Personal information
- Full name: Michael Pitman
- Born: Sydney, New South Wales, Australia

Playing information
- Position: Second-row, Lock
Club
| Years | Team | Pld | T | G | FG | P |
| 1980–82 | Newtown Jets | 61 | 8 | 0 | 0 | 24 |
| 1983 | Canterbury Bulldogs | 19 | 0 | 0 | 0 | 0 |
|  | Total | 80 | 8 | 0 | 0 | 24 |
- Source: As of 4 June 2019

= Michael Pitman (rugby league) =

Australian rugby league footballer

Michael Pitman is an Australian former rugby league footballer who played in the 1980s. He played for the Newtown Jets and Canterbury-Bankstown in the New South Wales Rugby League (NSWRL) competition.

==Background==
Pitman was born in Sydney, New South Wales, Australia and is the son of Tom Pitman who played for Newtown in the 1940s and 1950s.

==Playing career==
Pitman made his first grade debut for Newtown in Round 1 1980 against Canterbury-Bankstown at Henson Park in which Pitman was sent from the field for a professional foul. Under the coaching of Warren Ryan, Newtown went from a struggling team to title contenders and in 1981 finished second on the table. Newtown would go on to reach the 1981 NSWRL grand final against Parramatta. Pitman played at prop in the match as Newtown trailed Parramatta 7–6 at halftime before Parramatta came home in the second half to win 20-11 and claim their first premiership at the Sydney Cricket Ground.

The following season, Newtown were unable to replicate their form of 1981 and the club failed to reach the finals. In Round 5 of the 1982 season, Pitman was in the Newtown side which played in the lowest scoring game in NSWRL premiership history as they drew 0–0 with Canterbury at Henson Park. Pitman then departed Newtown at the end of 1982 and signed with Canterbury.
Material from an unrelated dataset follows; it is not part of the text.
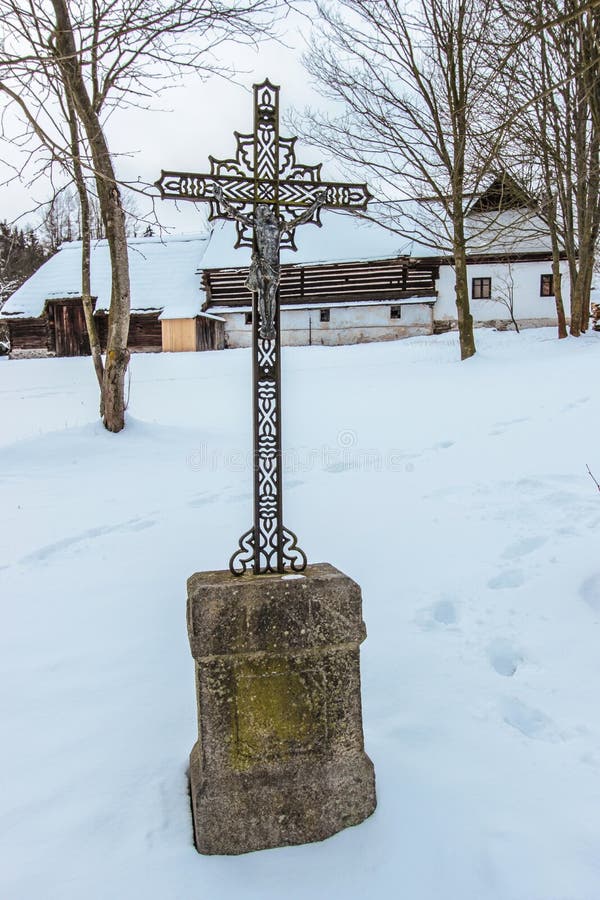 Christelijk sierkruisbeeld met zilveren beeldhouwwerk van Jesus Christ op steenvoetstuk royalty-vrije stock afbeelding Christelijk sierkruisbeeld met zilveren beeldhouwwerk van Jesus Christ op steenvoetstuk royalty-vrije stock afbeelding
Pitman played one season for Canterbury making 19 appearances and was part of the side which reached the 1983 preliminary final but lost to Parramatta 18–4.

Pitman then signed on with Lakes United in the Newcastle competition as captain-coach. Pitman later coached Griffith black and whites, now known as Griffith black and whites panthers.
After leaving Canterbury in 1984 he captained/coached Kurri Kurri Bulldogs.